O post inicialmente levantou suspeitas de possível incitação a crime, motivando a abertura de investigação. No entanto, após análise técnica e jurídica, o MPF concluiu que a manifestação não preenche os requisitos legais para tipificação penal. "Para a configuração do crime de incitação, é imprescindível que o agente estimulante faça alusão a uma conduta clara, precisa e determinada com o objetivo de encorajar terceiros a cometerem o crime", explicou o órgão em sua fundamentação.

A conclusão reforça entendimento consolidado no direito penal brasileiro: questionamentos genéricos ou retóricos, ainda que provocadores, não constituem estímulo suficiente para incitar prática delituosa.
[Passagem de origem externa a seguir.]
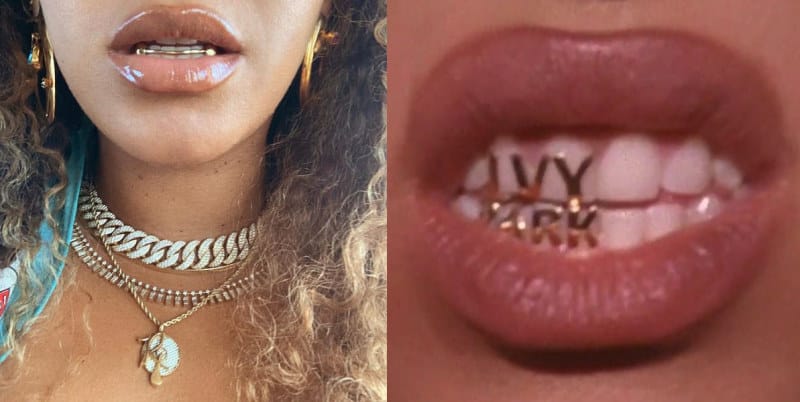 Did Beyonce Have Braces? - The Truth + Proof! 5 Did Beyonce Have Braces - Beyonce With More Grillz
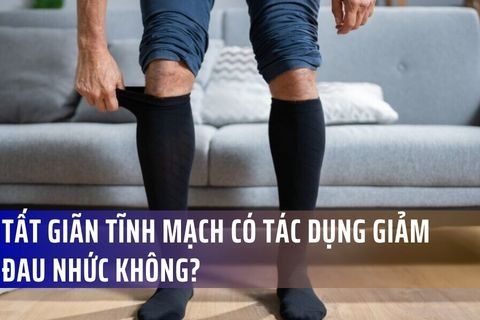 Tất giãn tĩnh mạch có tác dụng giảm đau nhức không?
O MPF deixou claro em seu parecer que "estímulos genéricos não tipificam a conduta", descartando qualquer fundamento legal para prosseguimento da ação.

O arquivamento marca vitória para a liberdade de expressão, ao rejeitar interpretação expansiva que converteria críticas ou comentários provocativos em crime automático. A decisão evidencia que a simples formulação de pergunta, por mais incômoda que seja para autoridades, não ultrapassa limites constitucionais de proteção à fala.